Task material:
------------

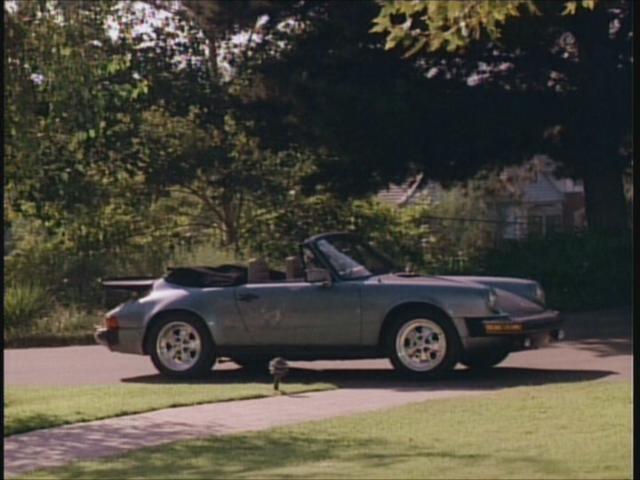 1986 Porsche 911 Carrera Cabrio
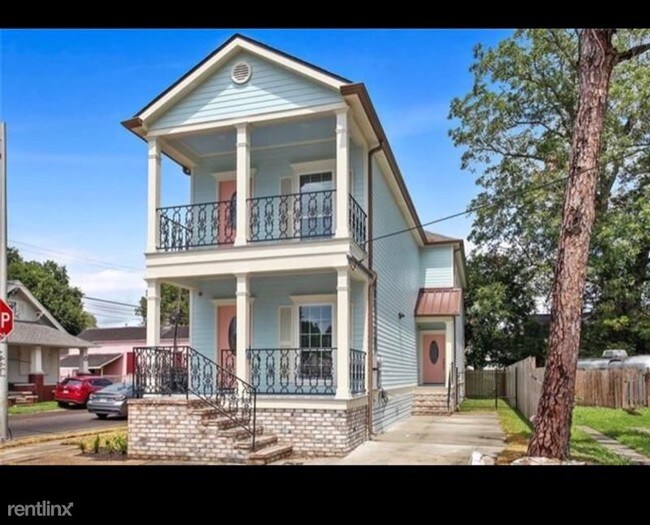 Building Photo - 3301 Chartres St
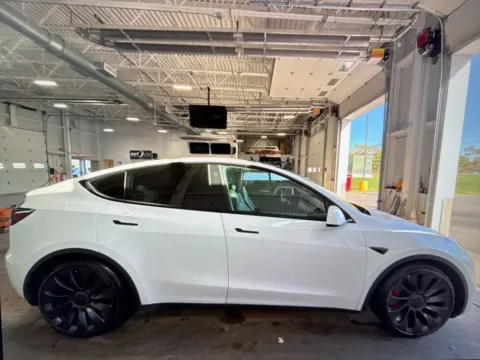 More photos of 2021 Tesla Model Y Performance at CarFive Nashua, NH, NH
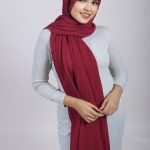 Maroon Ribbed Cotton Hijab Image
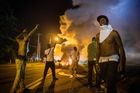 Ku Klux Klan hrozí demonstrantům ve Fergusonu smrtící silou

------------

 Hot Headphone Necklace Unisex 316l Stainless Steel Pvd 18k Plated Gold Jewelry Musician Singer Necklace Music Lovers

------------

What you should do: Give back, exactly and without pictures, the stretch of the records above from the line containing "Maroon Ribbed Cotton Hijab Image" through the line containing "Ku Klux Klan", with both end lines included.

Result for this task:
 Maroon Ribbed Cotton Hijab Image
 Ku Klux Klan hrozí demonstrantům ve Fergusonu smrtící silou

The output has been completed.